*** Opening Data provided ***

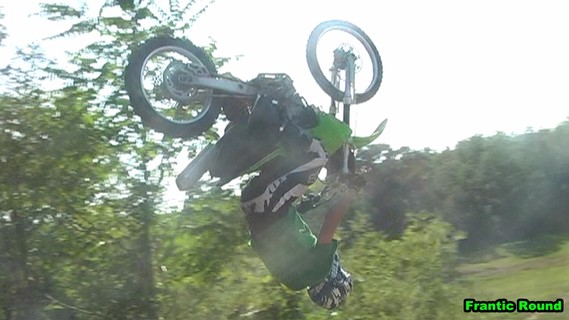 Backflip gyakorlás Frantic Round ( Ricsmonddd)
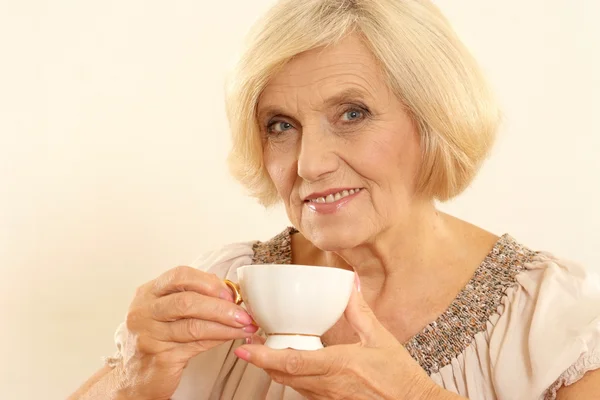 Retrato de una anciana feliz con té —  Fotos de Stock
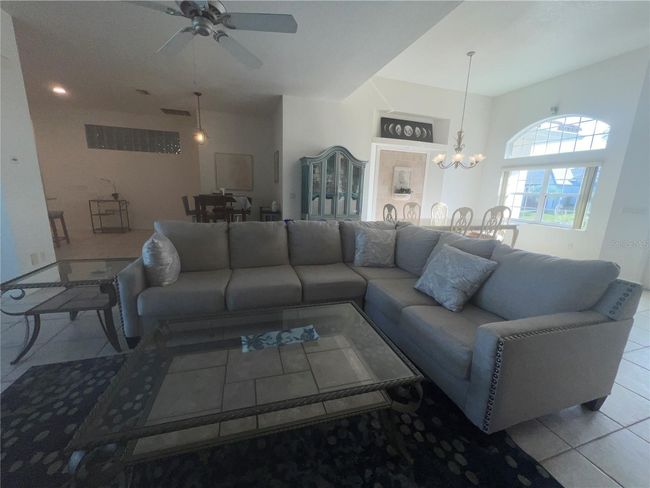 5011 Key Largo Dr, House other with 3 bedrooms, 2 bathrooms and null parking in PUNTA GORDA FL | Image 8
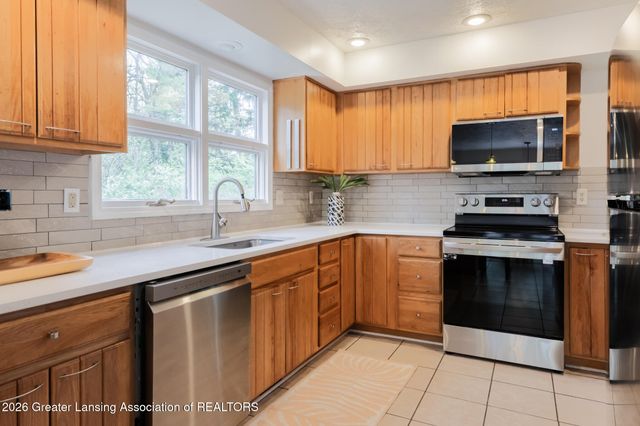 2075 Shagbark Lane, Okemos, MI 48864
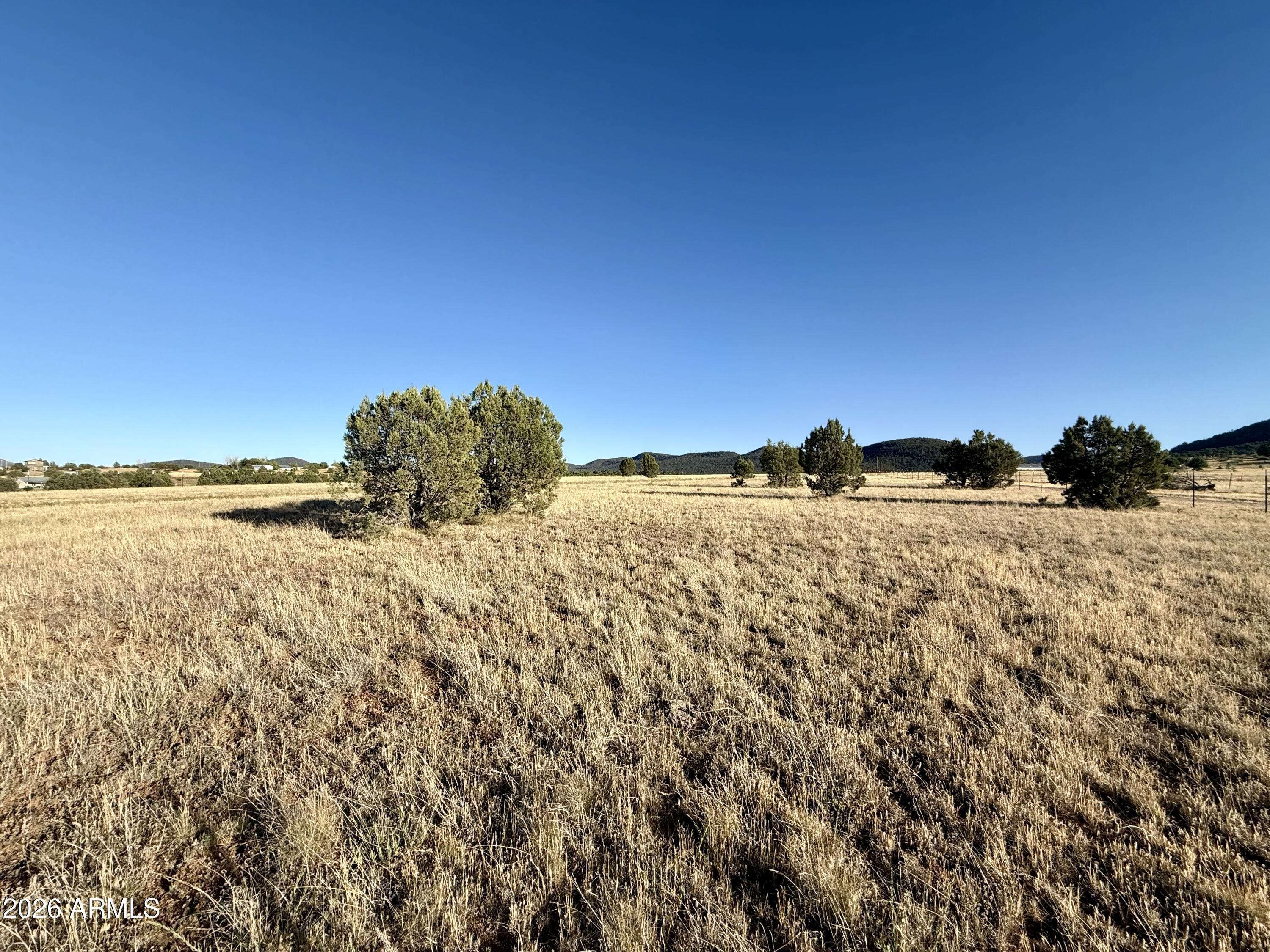 228B S Dutchmans Trail -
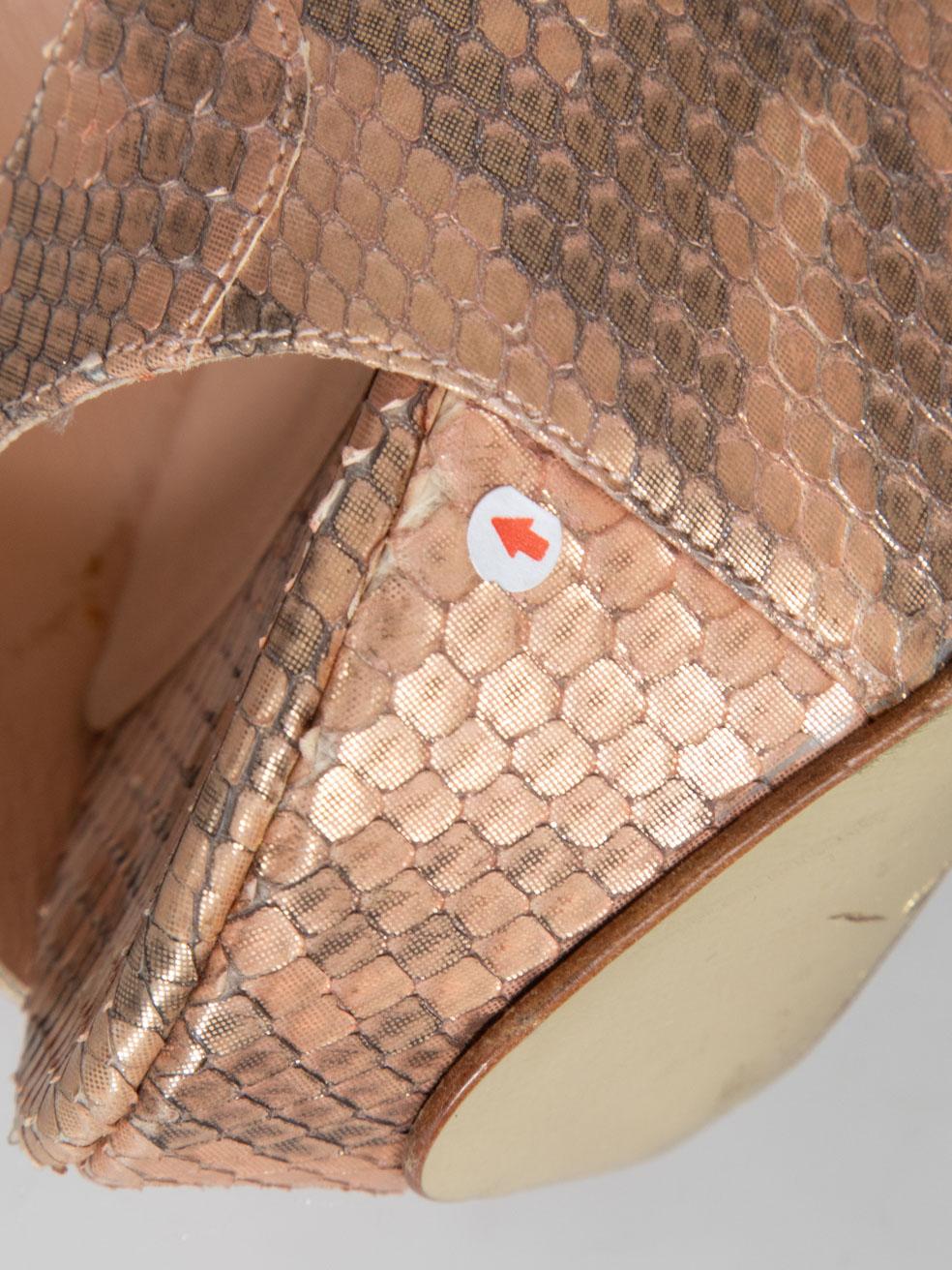 Gina Zapatos de tacón de piel de serpiente rosa metalizada talla UK 6 en venta 4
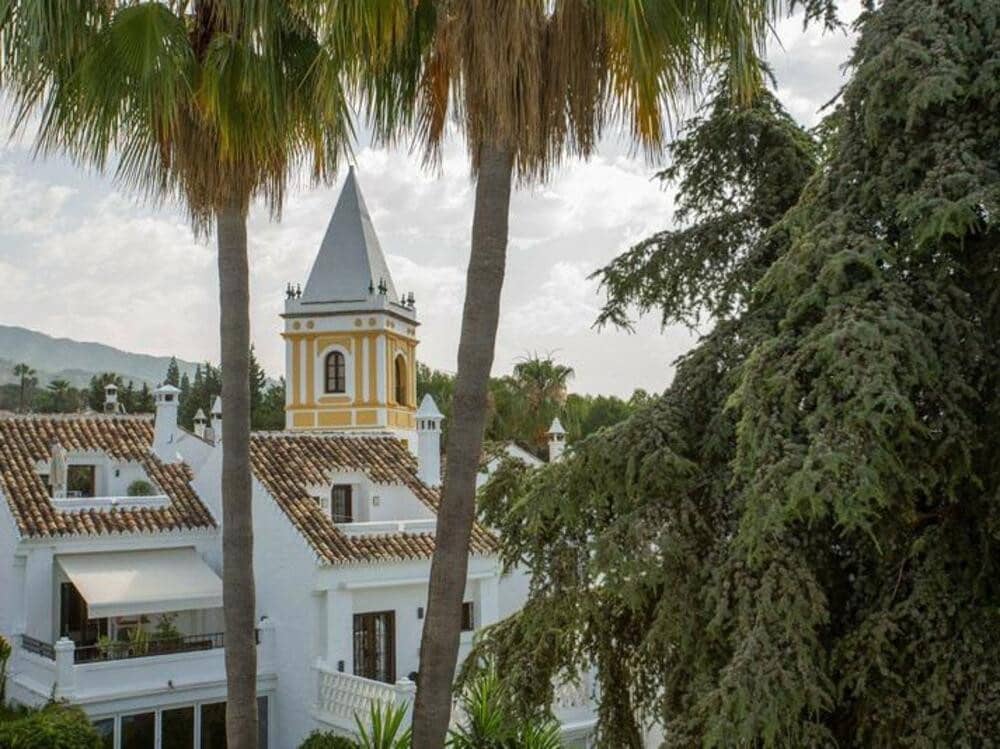 3 soveværelse Byhus til leje i Marbella med swimmingpool garage - € 3.500 (Ref: 9081266)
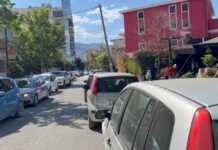 Parkim pa kriter pranë Gjykatës në Vlorë: bllokokohet trafiku në një nga zonat më të ngarkuara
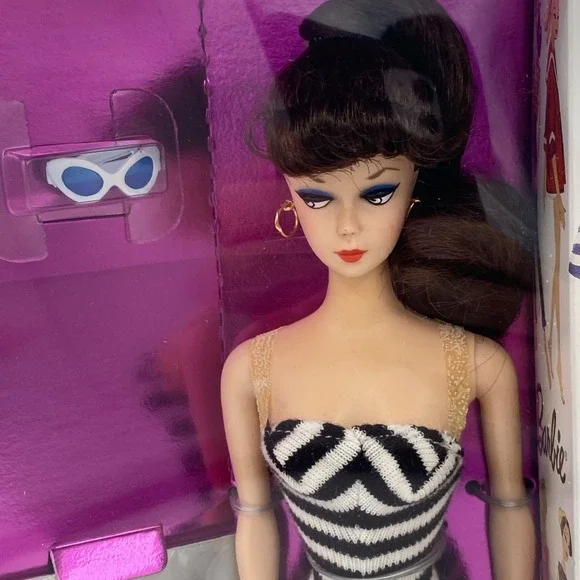1993 Mattel 35th Anniversary 1959 Reproduction Brunette Barbie #11782 NRFB - Picture 3 of 16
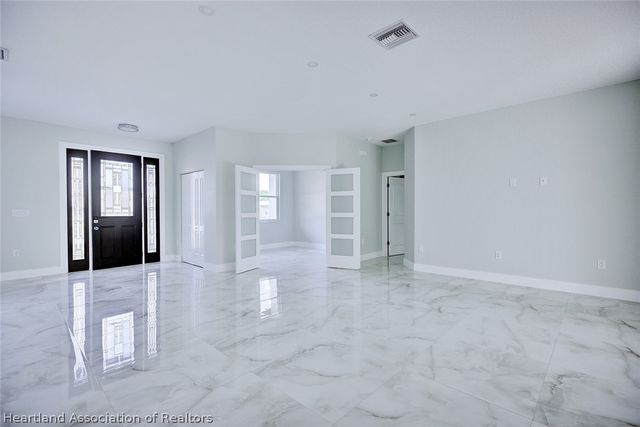 2011 W Falcon Road, Avon Park, FL 33825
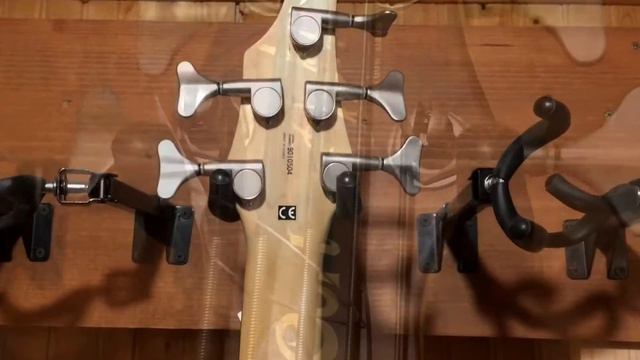 Cort Curbow 5 String Fretless Bass Guitar - Active Electronics - Very Cool- Lohn New And Used смотреть онлайн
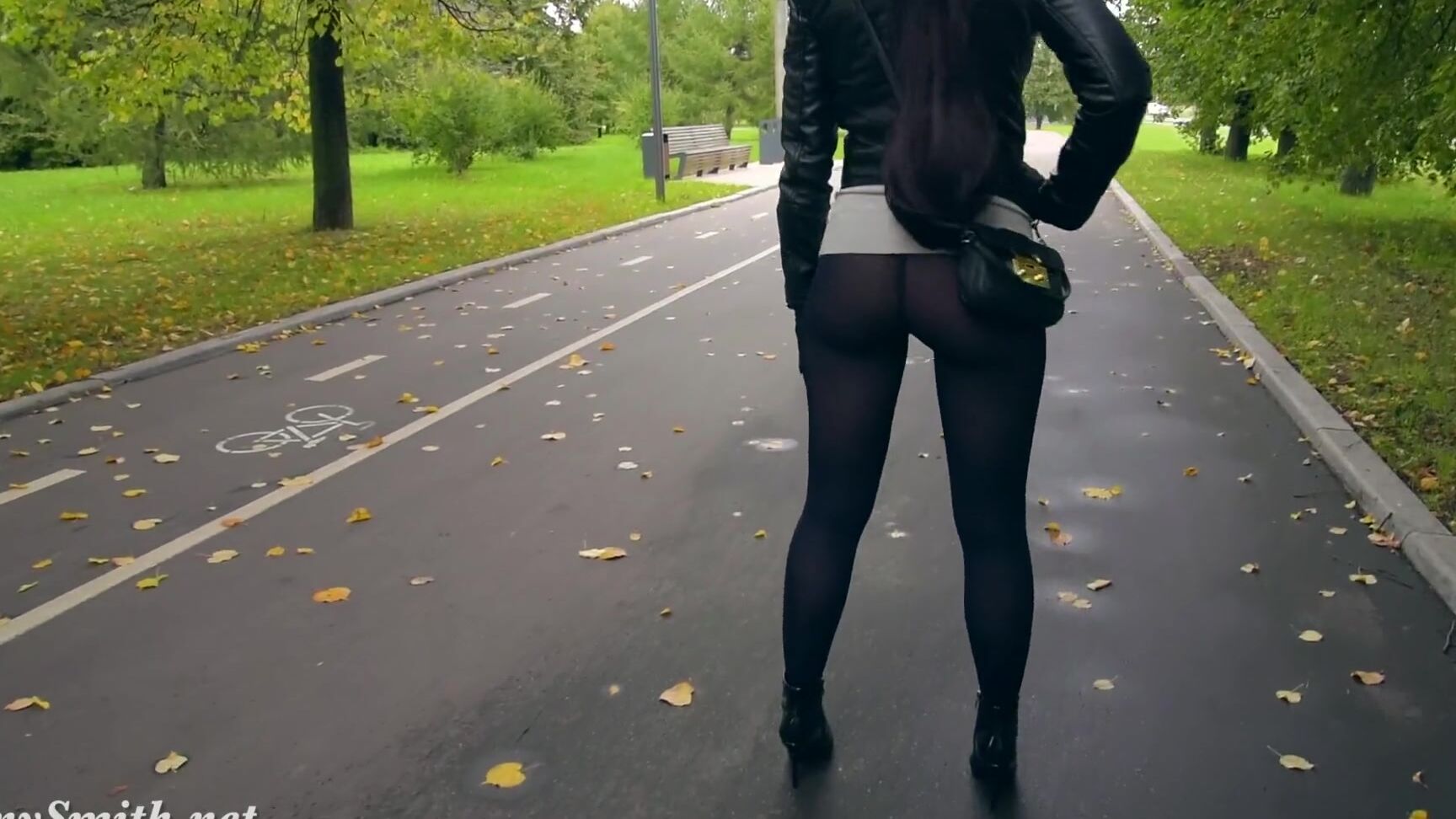 Jeny Smith Jeny Smith black pantyhose pretends to be leggings. Pornhub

*** Closing Data provided ***

■ **Your task**
Write out the material above precisely, leaving each picture behind.

■ **Response area**
 Backflip gyakorlás Frantic Round ( Ricsmonddd)
 Retrato de una anciana feliz con té —  Fotos de Stock
 5011 Key Largo Dr, House other with 3 bedrooms, 2 bathrooms and null parking in PUNTA GORDA FL | Image 8
 2075 Shagbark Lane, Okemos, MI 48864
 228B S Dutchmans Trail -
 Gina Zapatos de tacón de piel de serpiente rosa metalizada talla UK 6 en venta 4
 3 soveværelse Byhus til leje i Marbella med swimmingpool garage - € 3.500 (Ref: 9081266)
 Parkim pa kriter pranë Gjykatës në Vlorë: bllokokohet trafiku në një nga zonat më të ngarkuara
1993 Mattel 35th Anniversary 1959 Reproduction Brunette Barbie #11782 NRFB - Picture 3 of 16
 2011 W Falcon Road, Avon Park, FL 33825
 Cort Curbow 5 String Fretless Bass Guitar - Active Electronics - Very Cool- Lohn New And Used смотреть онлайн
 Jeny Smith Jeny Smith black pantyhose pretends to be leggings. Pornhub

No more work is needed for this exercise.